A free-spirited Frenchwoman, whose life is slowly poisoned by the expectations of the Catholic landed gentry on the 1928 Atlantic Coast, gives her husband a taste of his own medicine in “Therese Desqueyroux,” a low-pulse adaptation of the novel by Nobel Prize winner Francois Mauriac. The last feature from the late Claude Miller (“A Secret,” “Class Trip”) stars an ashen-faced Audrey Tautou and is tastefully upholstered, but the narrative, told in linear fashion rather than using the book’s flashback structure, generates little heat, empathy or momentum. Beyond Francophone venues, indiscriminating “Masterpiece Theater” fans could somewhat alleviate the B.O. pain.

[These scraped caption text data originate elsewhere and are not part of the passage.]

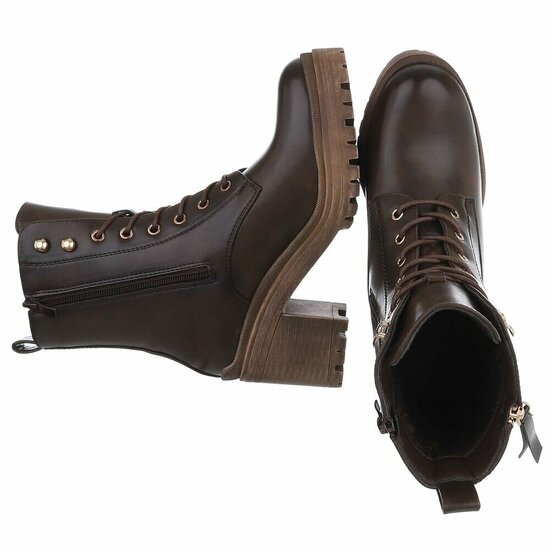 Bottines hautes marron Rodina  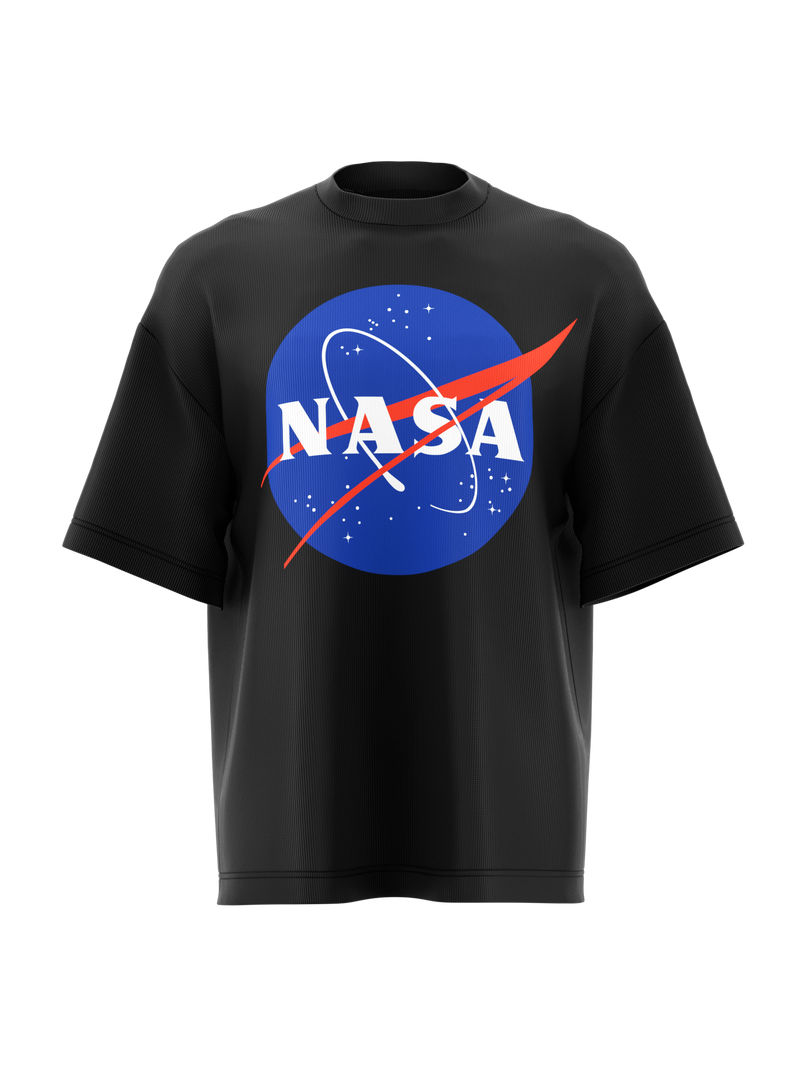 TSHIRT Oversize NASA Insignia logo black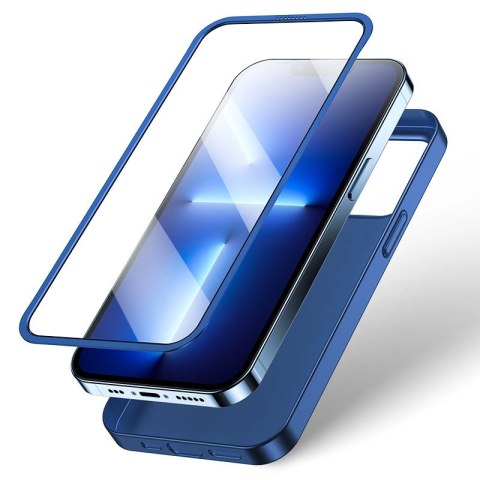 Joyroom 360 Full Case etui pokrowiec do iPhone 13 Pro Max obudowa na tył i przód + szkło hartowane niebieski (JR-BP928 blue) Joyroom 360 Full Case etui pokrowiec do iPhone 13 Pro Max obudowa na tył i przód + szkło hartowane niebieski (JR-BP928 blue)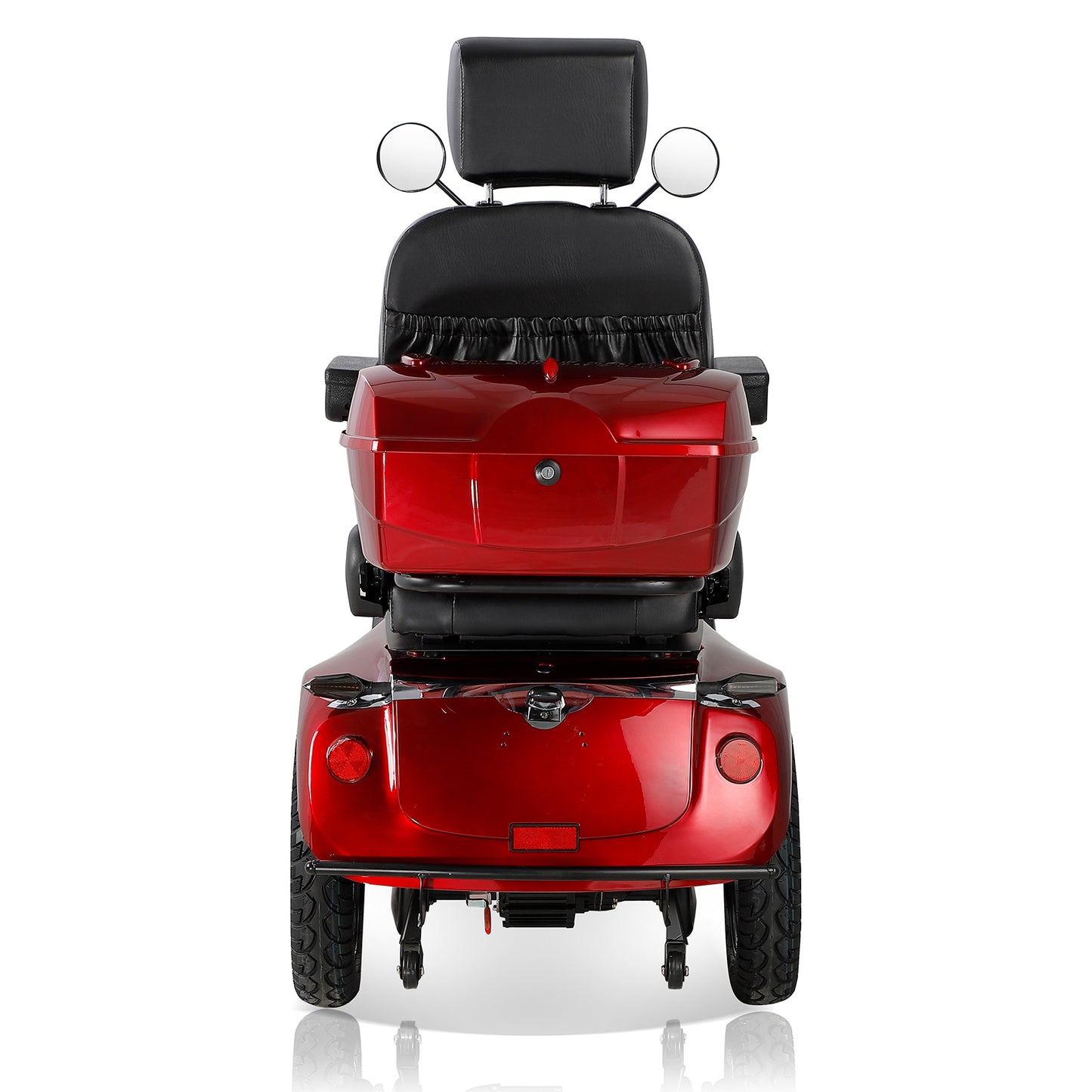 Swift Ride 4-Wheel Scooter for Adults & Seniors - Red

Mauriac’s most famous novel has been adapted once before, by helmer Georges Franju in 1962; that film, co-written by the author, respected the book’s original in-media-res opening, right after Desqueyroux’s trial on charges of attempting to poison her husband. Story arc then proceeded to turn the initial impression of an absolved criminal (courtesy of some false testimonies to save her family’s reputation) into a scathing portrait of an overly oppressive society, obsessed with religion, reputation and resources and unwilling to let women be sufficiently independent.
But frequent adapter Miller, who filmed only two original screenplays in his four-decade career, here opts for an entirely chronological approach that has the unfortunate effect of burying the poisoning scenes and aftermath in the pic’s second half, leaving the first without a clear focus or framework.
Little Therese (Alba Gaia Bellugi), whose family owns large pine forests in the Landes, near Bordeaux, already knows in 1922 that she’s probably destined to marry Bernard Desqueyroux, the son of the landowners next door. Bulk of the pic is set in 1928 and 1929, when the nuptials of Therese (Tautou, who looks three times the age of Bellugi) and Desqueyroux (Gilles Lellouche) kick off a year of going through the newlywed motions, with both aware that money and family interests are the reason for their alliance, far more than something as silly as love or even compatibility.
It’s quite clear from Therese’s haggard-looking face that matrimony is not exactly bliss, but in Miller and Natalie Carter’s screenplay, Therese’s actions often remain psychologically inscrutable. There are hints of a crypto-Sapphic attraction between Therese and her best friend, Anne (Anais Demoustier), but when pregnant Therese takes a romantic interest in Anne’s Portuguese lover (Stanley Weber, more wooden than the surrounding pines), it’s unclear whether she has fallen in love with a man for the first time, is out to destroy Anne’s happiness, or is simply curious about this thing called passionate sex Anne keeps telling her about.
Too many repetitive shots of Bernard drinking his arsenic-laced medicine clue in those slow on the uptake (or unfamiliar with the novel) that Therese’s up to something, but her not-directly-motivated revenge remains enigmatic, despite the fact that auds by this point will have spent more than an hour looking at a film named after the perpetrator.
Tautou’s emotionally distant performance might be period-specific but doesn’t facilitate access to her character’s mind, not even in the occasional v.o. Lellouche, whose character has been severely defanged from the original, comes across as the 1928 equivalent of a couch potato, hardly someone worth poisoning.
Shot in a muted color palette by Miller’s regular d.p., Gerard de Battista, and with matching period trappings by production designer Laurence Brenguier, the film is restrained and remote even on a visual level.